Orthodontic treatment in young children is known as interceptive orthodontics, and it can begin as early as age 6 or 7. At this age, teeth are still developing and the jaw is still growing. That means certain conditions, such as crowding, may be easier to address.
It is important to note that early treatment does not apply to all orthodontic problems; however, it may help in certain cases. Two conditions that require early intervention are cross bites and protruding front teeth. A cross bite can cause the jaws to grow unevenly. Front teeth that stick out may be fractured or injured in an accident, such as a fall.
Early intervention takes advantage of the fact that a child's jaw is still growing. Early treatment also may be useful when the dental arches and jaws are not in the correct position. Functional appliances may fix or improve these problems. More treatment usually is needed later on, but it may be shorter and less involved.

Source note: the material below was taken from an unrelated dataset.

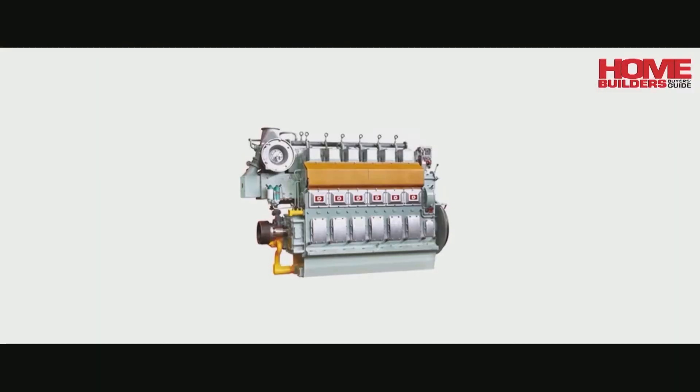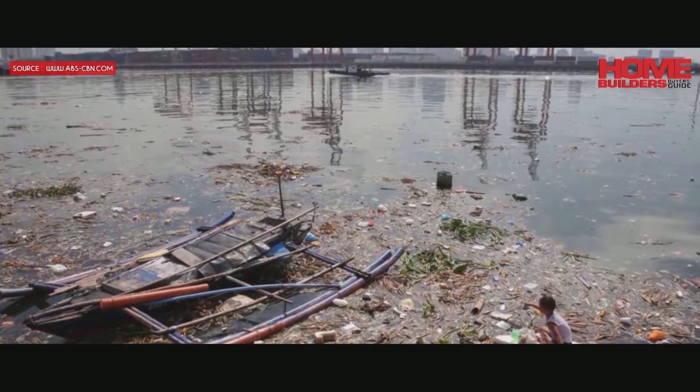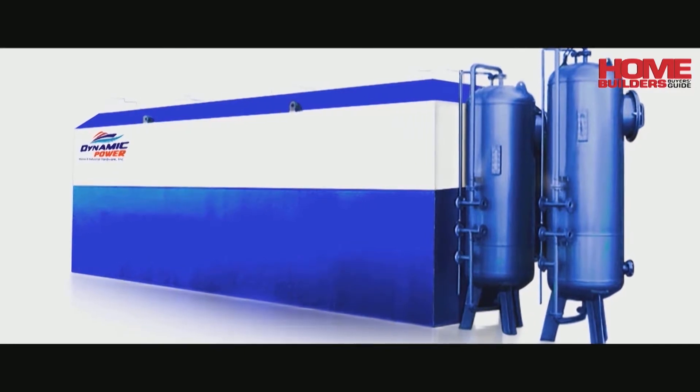We also have marine engines. Not only do we cater to industrial gen sets, but with our recent problems in our country about sewage disposal, we also give and supply sewage treatment plants and machines.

Kids braces have improved a lot in the past couple of decades. Technology has made them more comfortable and more attractive than the braces most parents remember wearing. They’re also more affordable, meaning many more children have them.
Good dental hygiene is crucial for kids with braces and other dental appliances. Three to four times per day, have your child rinse with water to loosen food that might be caught in the braces, then brush thoroughly. Each night before bed, have your child floss their teeth and then rinse with a fluoride rinse to help keep the teeth strong and healthy.
Once per day, you should also help your child floss, which helps loosen food debris and plaque at and under the gum line that would otherwise harden into tartar. It can also help reach the nooks and crannies in the teeth that might be difficult to reach with a toothbrush. Flossing with braces can be difficult, but you can use many options to help ensure the gums stay healthy. Talk to your child’s orthodontist or dentist for oral care recommendations.
Every six months, take your child to the dentist for a cleaning and a check-up. The dentist can point out areas that need more attention, and help make sure you're keeping your child’s teeth healthy and clean in and around the braces. Often, your dentist or hygienist can suggest helpful tools or ideas to keep your child's teeth healthy while the braces are on.
Although treatment plans are customized for each patient, most wear their braces from one to three years, depending on the oral care issues that need correcting. This is followed by a period of wearing a "retainer," which holds teeth in their new positions. Although a little discomfort is expected during treatment, today's braces are more comfortable than ever before.
A palatal expander may be used to expand the child's upper dental arch so there is more room for teeth to grow in, thus reducing crowding in the mouth. The procedure involves the installation of the appliance. It consists of two pieces of plastic attached to both sides of the upper molars, and an expansion screw. When the expansion screw is turned, the device pushes the two sides away from each other, thus gradually widening the jaw and making room for the child’s adult teeth. Once the arch is the proper size, there's a better chance that the adult teeth will come in in a better position.
Space maintainers are another example of an early intervention technique. When a child loses a tooth prematurely, as a result of decay or injury, the other teeth can shift to fill the vacant space. As a preventative measure, a dentist can place a space maintainer to hold the space until the permanent tooth comes in. Space maintainers can be a band or a temporary crown, which is attached to the vacant space. When the permanent tooth begins to emerge the dentist will remove the space maintainer. This procedure may eliminate the need for further or more intensive orthodontics in the future.